What to do:
Could you copy exactly the lines below from the one with "New Laptop Asus" to the one with "Satış 8 otaqlı", inclusive, leaving out any pictures?

Recorded data:
Content starts
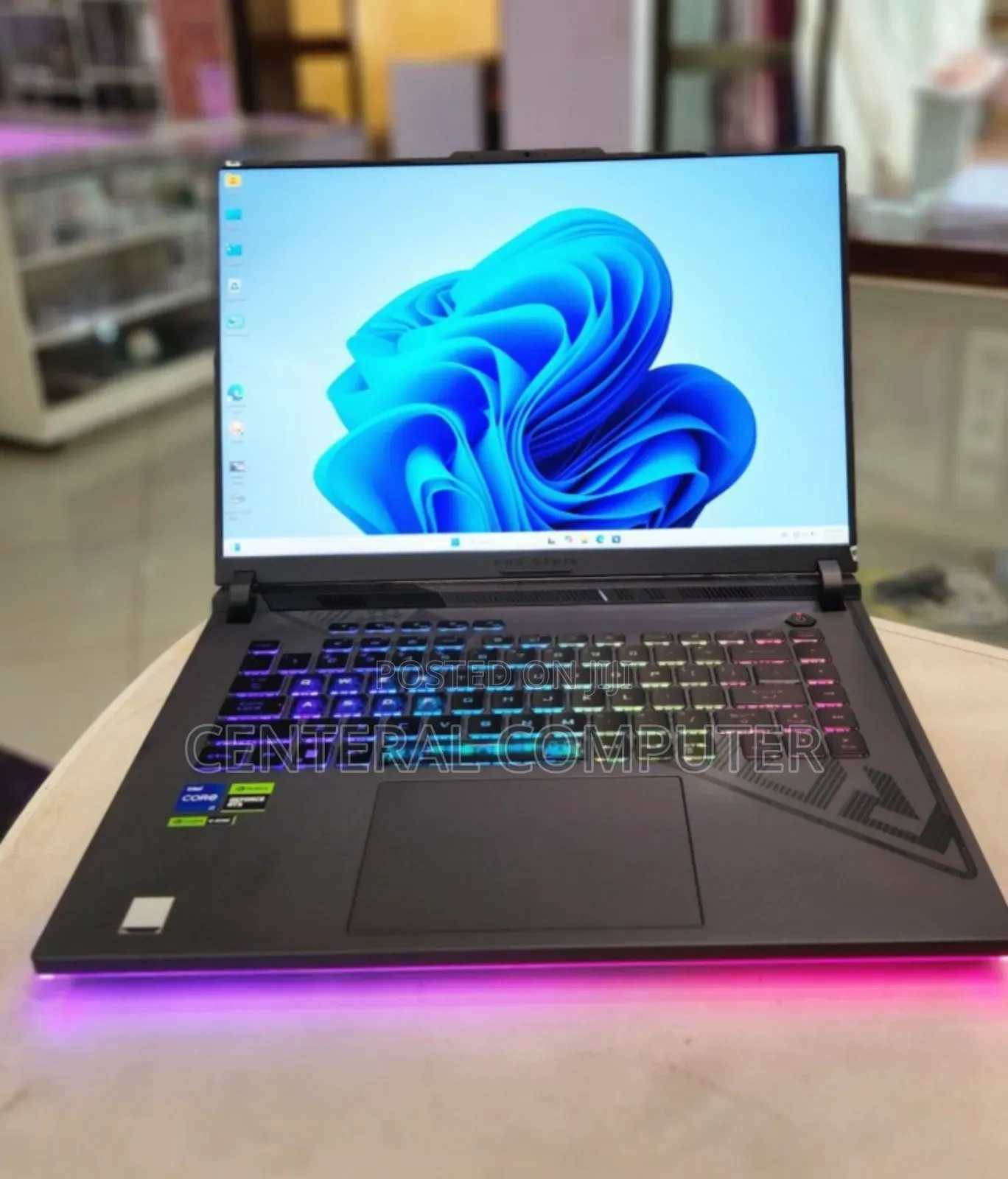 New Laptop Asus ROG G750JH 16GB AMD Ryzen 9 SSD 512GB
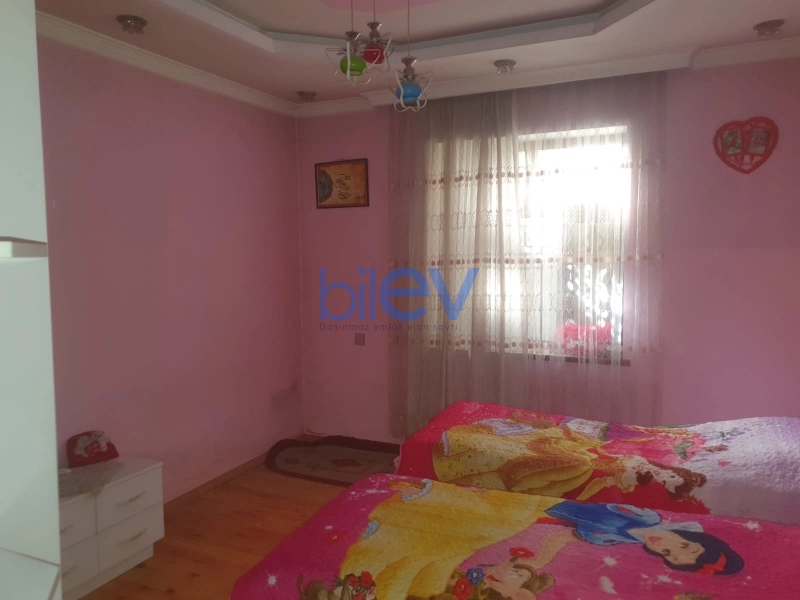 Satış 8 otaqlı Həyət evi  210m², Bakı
Content ends
Content starts
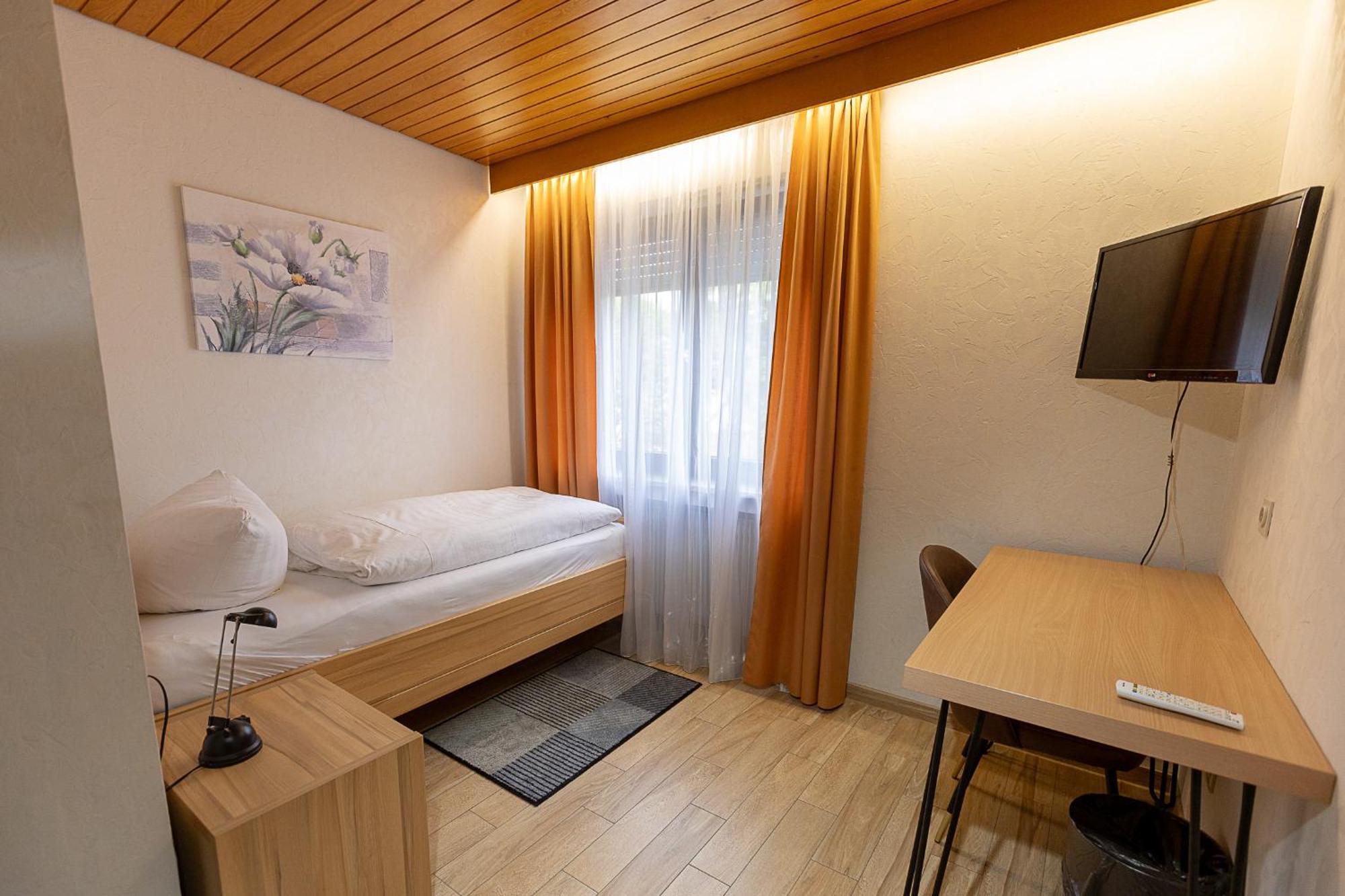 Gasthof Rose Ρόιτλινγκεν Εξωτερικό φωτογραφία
Content ends
Exercise result:
 New Laptop Asus ROG G750JH 16GB AMD Ryzen 9 SSD 512GB
 Satış 8 otaqlı Həyət evi  210m², Bakı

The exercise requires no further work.